*WHAT IS EXPECTED*: Each line in the material below, starting at the one that contains "El Primer Ministro" and ending at the one that contains "Peugeot 2008 1.2", should be repeated exactly; the pictures should not.

*DATASET CONTENT*:

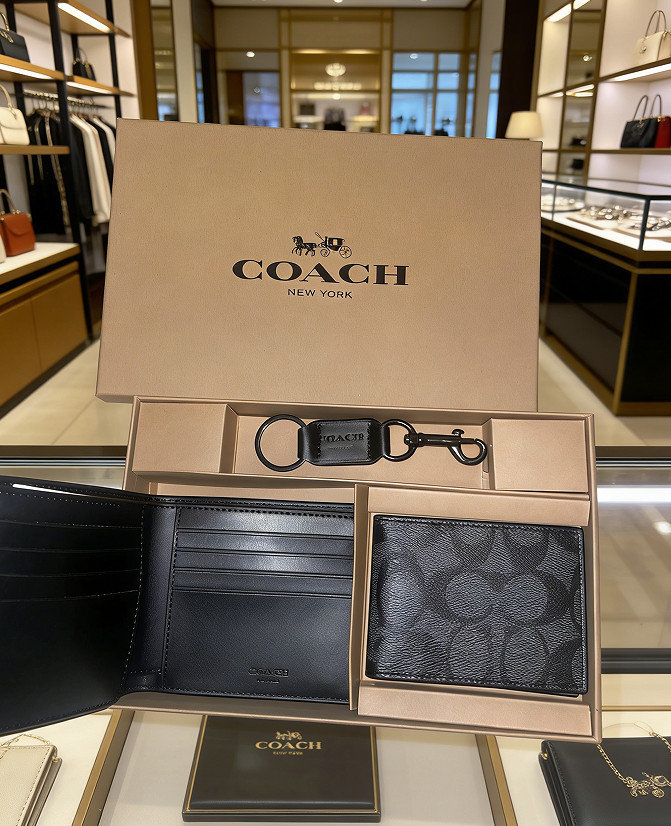 CoACH 3 IN 1 WALLET GIFTSET MEN NEXT DAY SHIPPING BRAND NEW ✅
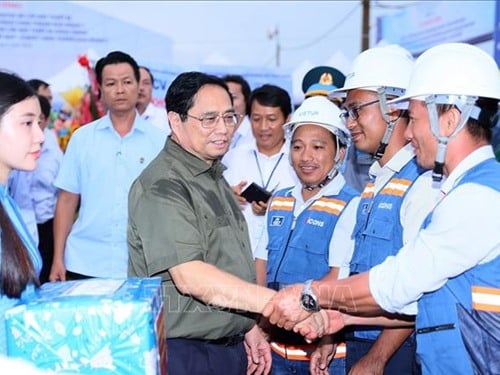 El Primer Ministro asiste a la ceremonia inaugural de los tres paquetes principales de los aeropuertos de Long Thanh y Tan Son Nhat.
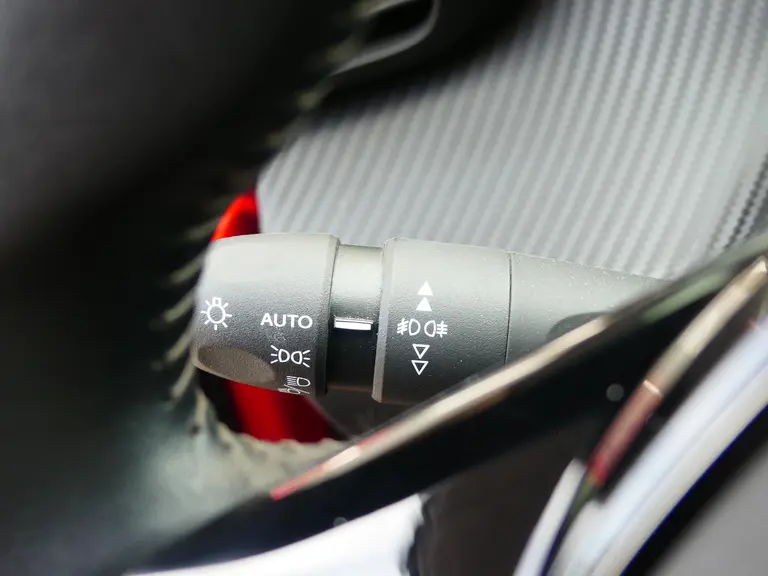 Peugeot 2008 1.2 PureTech Allure Pack, Trekhaak ,130PK, 3D cockpit, Cruise Control afbeelding 14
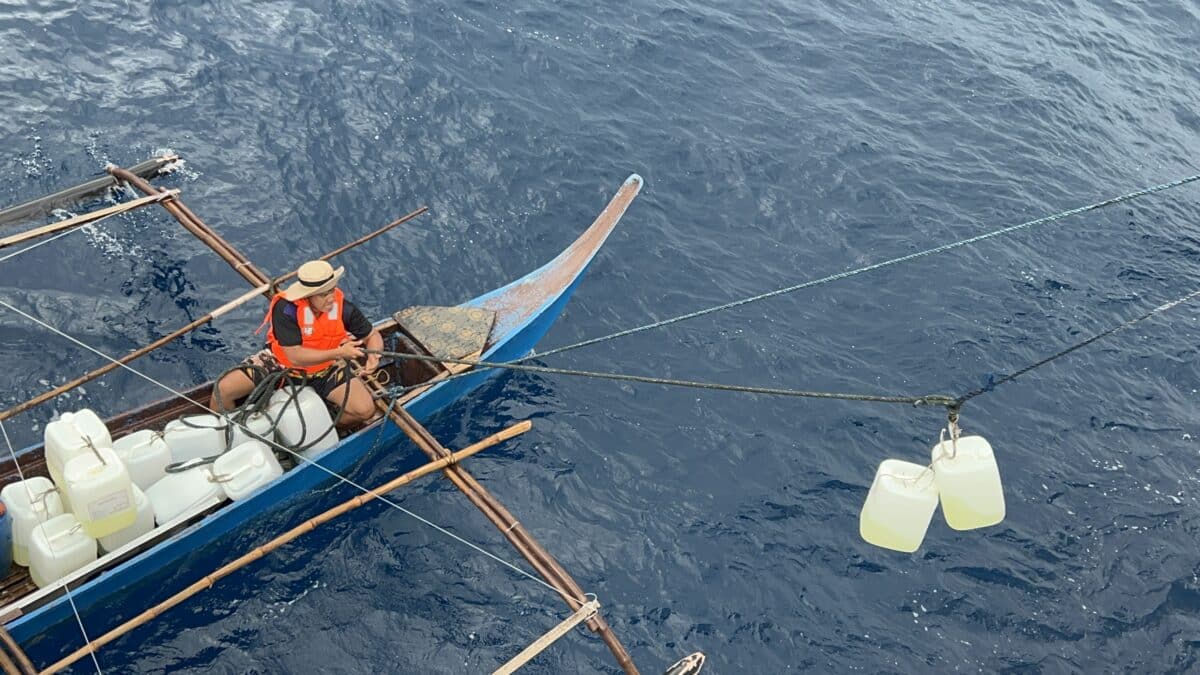 LOOK: Atin Ito's distribution of fuel to local fishermen in WPS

*ANSWER AREA*:
 El Primer Ministro asiste a la ceremonia inaugural de los tres paquetes principales de los aeropuertos de Long Thanh y Tan Son Nhat.
 Peugeot 2008 1.2 PureTech Allure Pack, Trekhaak ,130PK, 3D cockpit, Cruise Control afbeelding 14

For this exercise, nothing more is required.